How to complete this task - From the records below, output exactly the lines running from the line containing "Veterinary Surgical Positioning" through the line containing "creeping thistle", and no others.

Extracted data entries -
※

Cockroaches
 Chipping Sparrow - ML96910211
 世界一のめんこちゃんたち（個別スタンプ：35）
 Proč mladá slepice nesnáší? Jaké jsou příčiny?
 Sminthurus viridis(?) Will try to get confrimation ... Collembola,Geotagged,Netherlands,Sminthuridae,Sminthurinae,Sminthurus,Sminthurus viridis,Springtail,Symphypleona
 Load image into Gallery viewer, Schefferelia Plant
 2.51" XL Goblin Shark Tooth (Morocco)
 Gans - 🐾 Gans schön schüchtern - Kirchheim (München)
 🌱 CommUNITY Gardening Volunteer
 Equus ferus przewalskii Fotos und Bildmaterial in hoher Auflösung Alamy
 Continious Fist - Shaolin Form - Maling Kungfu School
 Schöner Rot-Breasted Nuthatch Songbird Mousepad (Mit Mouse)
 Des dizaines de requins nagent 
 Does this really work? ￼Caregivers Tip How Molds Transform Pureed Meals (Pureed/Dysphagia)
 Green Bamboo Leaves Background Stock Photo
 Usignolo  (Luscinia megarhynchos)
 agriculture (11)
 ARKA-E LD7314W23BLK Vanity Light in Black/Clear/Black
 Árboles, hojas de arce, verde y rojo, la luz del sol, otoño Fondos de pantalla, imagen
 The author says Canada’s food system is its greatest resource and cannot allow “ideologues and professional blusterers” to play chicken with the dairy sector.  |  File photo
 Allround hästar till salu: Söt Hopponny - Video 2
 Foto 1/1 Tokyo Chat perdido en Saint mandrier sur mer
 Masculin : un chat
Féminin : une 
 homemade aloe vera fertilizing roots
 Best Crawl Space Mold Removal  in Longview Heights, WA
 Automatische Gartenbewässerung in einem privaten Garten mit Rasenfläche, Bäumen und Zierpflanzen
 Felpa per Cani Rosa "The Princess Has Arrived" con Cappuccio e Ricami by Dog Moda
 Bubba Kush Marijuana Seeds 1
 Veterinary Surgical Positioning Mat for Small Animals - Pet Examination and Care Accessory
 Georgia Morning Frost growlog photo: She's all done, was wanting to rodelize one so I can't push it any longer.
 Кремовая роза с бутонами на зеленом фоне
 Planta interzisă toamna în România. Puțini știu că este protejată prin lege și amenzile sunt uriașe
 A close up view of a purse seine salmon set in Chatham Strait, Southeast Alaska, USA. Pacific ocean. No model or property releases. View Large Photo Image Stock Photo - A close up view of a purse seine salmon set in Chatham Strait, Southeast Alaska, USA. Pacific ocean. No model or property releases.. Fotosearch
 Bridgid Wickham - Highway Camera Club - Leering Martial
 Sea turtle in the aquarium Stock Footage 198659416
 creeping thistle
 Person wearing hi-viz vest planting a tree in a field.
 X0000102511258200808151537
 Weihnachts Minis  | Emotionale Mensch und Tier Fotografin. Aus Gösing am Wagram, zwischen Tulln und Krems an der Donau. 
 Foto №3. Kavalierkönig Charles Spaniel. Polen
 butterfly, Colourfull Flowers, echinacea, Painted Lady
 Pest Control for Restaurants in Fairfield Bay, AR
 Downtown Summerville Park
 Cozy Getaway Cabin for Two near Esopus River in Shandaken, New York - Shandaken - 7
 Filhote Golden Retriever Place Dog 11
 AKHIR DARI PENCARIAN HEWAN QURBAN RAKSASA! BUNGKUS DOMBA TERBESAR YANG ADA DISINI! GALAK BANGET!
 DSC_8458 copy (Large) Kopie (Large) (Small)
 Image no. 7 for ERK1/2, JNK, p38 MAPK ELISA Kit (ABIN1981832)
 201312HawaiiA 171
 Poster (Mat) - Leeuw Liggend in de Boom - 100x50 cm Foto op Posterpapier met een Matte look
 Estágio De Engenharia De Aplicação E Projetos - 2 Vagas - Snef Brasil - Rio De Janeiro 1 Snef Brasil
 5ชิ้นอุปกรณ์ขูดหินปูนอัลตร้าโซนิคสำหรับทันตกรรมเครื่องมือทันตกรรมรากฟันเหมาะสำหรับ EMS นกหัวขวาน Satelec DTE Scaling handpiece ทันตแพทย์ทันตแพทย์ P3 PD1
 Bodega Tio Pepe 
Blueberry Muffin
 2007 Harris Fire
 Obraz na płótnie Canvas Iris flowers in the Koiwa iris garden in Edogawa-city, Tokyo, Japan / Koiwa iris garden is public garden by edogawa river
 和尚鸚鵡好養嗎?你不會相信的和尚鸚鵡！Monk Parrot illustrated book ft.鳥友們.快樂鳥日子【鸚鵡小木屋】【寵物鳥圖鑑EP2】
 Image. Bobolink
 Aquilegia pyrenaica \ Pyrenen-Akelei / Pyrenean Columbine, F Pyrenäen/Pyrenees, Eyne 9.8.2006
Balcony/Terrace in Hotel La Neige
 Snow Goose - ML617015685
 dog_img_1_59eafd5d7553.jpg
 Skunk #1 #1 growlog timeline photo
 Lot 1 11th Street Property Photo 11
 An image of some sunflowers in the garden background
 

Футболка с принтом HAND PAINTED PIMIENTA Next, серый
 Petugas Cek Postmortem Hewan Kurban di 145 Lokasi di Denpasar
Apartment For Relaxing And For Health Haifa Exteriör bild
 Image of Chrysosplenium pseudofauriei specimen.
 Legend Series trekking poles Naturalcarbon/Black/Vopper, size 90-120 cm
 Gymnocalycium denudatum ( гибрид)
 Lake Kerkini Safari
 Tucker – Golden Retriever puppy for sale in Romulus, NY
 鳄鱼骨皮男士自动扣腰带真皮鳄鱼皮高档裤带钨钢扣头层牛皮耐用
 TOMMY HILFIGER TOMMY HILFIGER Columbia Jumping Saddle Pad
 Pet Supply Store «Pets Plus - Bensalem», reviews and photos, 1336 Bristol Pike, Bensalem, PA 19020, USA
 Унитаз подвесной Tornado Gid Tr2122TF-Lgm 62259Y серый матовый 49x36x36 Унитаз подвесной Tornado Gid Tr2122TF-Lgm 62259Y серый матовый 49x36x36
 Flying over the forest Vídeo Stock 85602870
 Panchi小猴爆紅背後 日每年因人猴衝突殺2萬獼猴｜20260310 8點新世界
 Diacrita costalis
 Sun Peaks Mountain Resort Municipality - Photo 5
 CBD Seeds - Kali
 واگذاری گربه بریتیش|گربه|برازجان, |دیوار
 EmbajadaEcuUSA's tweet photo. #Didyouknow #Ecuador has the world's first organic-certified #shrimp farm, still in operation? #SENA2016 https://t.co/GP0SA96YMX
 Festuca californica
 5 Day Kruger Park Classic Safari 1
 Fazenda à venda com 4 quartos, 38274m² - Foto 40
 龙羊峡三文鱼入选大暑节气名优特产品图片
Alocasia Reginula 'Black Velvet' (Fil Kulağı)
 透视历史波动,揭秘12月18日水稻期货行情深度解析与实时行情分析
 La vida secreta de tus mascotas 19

※

Reply -
 Veterinary Surgical Positioning Mat for Small Animals - Pet Examination and Care Accessory
 Georgia Morning Frost growlog photo: She's all done, was wanting to rodelize one so I can't push it any longer.
 Кремовая роза с бутонами на зеленом фоне
 Planta interzisă toamna în România. Puțini știu că este protejată prin lege și amenzile sunt uriașe
 A close up view of a purse seine salmon set in Chatham Strait, Southeast Alaska, USA. Pacific ocean. No model or property releases. View Large Photo Image Stock Photo - A close up view of a purse seine salmon set in Chatham Strait, Southeast Alaska, USA. Pacific ocean. No model or property releases.. Fotosearch
 Bridgid Wickham - Highway Camera Club - Leering Martial
 Sea turtle in the aquarium Stock Footage 198659416
 creeping thistle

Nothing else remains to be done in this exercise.